Ну-с, возразят скептики, положим, таковы были ваши пейзане, а как же мастеровые, эти индивидуумы, отщепившиеся от деревни, этот продукт чадных, душегубных городов, они-то как же? О, господа скептики, понаблюдали бы вы за ними хотя бы день, другой. Увидели бы не тупо-бездумных исполнителей. Нет, работали прочно, искусно, на совесть. Помню такой случай. Где-то в Пермской губернии, в реальном училище, кажется, Красноуфимском, хитроумно изготовили несгораемый материал для кровель. Брошюра, трактующая этот способ, ненароком попала в Колмово. Наши разобрались что к чему, что-то изменили к лучшему и засучили рукава. Представьте, в Боровичах ахнули, на заводе Вахтера и К°, всей России известном. Или вот еще пример. Раздобыли ткацкий станок. Охотников хоть отбавляй. До звонка подхватывались, спозаранку, чтоб место занять; пришлось учреждать очередность.

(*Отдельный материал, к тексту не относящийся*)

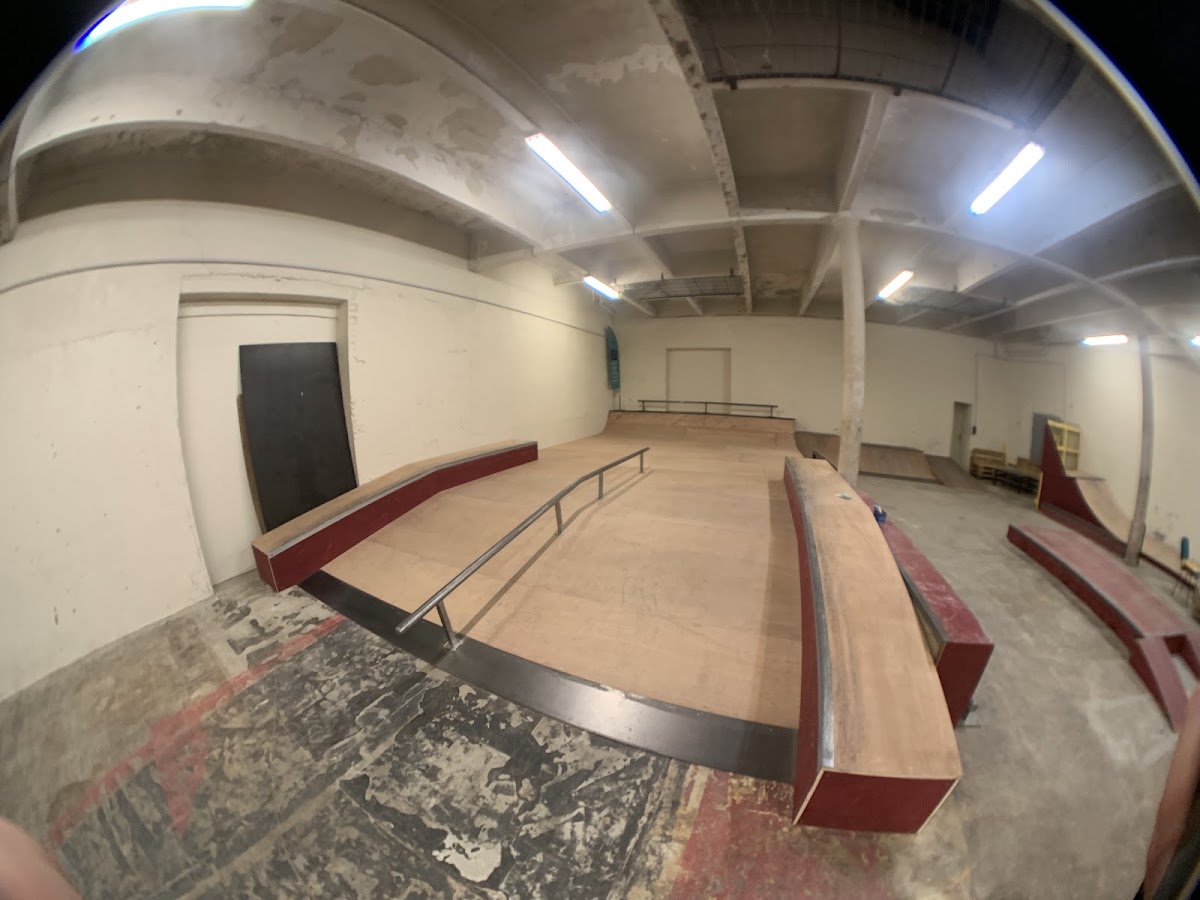 Switch Club Reims - Photo 1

Тысячу раз прав был Б.Н.Синани: «Наша колония дает наглядные условия, при которых и здоровые люди поздоровели бы». Сознаю, очень хорошо сознаю, что, попадись-ка мои записки обладателям так называемого здравого смысла, они бы ухмыльнулись: дескать, автор слишком долго находился в бедламе, вот и того-с… А здравый-то смысл чаще всего не что иное, как пошлый опыт. Пошлый же опыт (это из Некрасова), пошлый опыт – ум глупцов.

Так и я, избавляясь от него по каплям, не сразу разглядел полет сердец. Сейчас расскажу.

Вечера, свободные от дежурств, я коротал в семействе Б.Н., а всего чаще сиживал дома, пил чай и читал под висячей лампой. Ее матерчатый абажур обнимали латунные обручи; обручи имели прорези в виде сердечек. Потянет ли сквознячок зимний, налетит ли летний ветерок, тотчас качнется абажур, а блики от прорезей скользнут и взлетят по стене к потолку. Только-то и всего, ежели здравый смысл.

Из моей комнаты виден был каменный флигель. В одной из палат свет горел долго. Оконный проем расчерчивала железная решетка. Конечно, система «нестеснения» предполагала упразднение атрибутов системы «стеснения», то есть тюремной, но тут уж губернское начальство ни в зуб ногой, пришлось не убирать. Не стану уверять, будто меня денно-нощно точил вещественный знак острога. Но это окно, схваченное железными прутьями, светилось в палате Глеба Ивановича Успенского.

Еще студентом я состоял в Глеб-гвардии: так называли в ту пору читателей-почитателей Успенского. Прибавил бы и обожателей, но словечко – из лексикона институток, а наша гвардия рекрутировалась в основном из пролетариев умственного труда. Мы перемрем, лягушачьего пуха не останется, но любовь наша к Глебу Ивановичу переживет нас.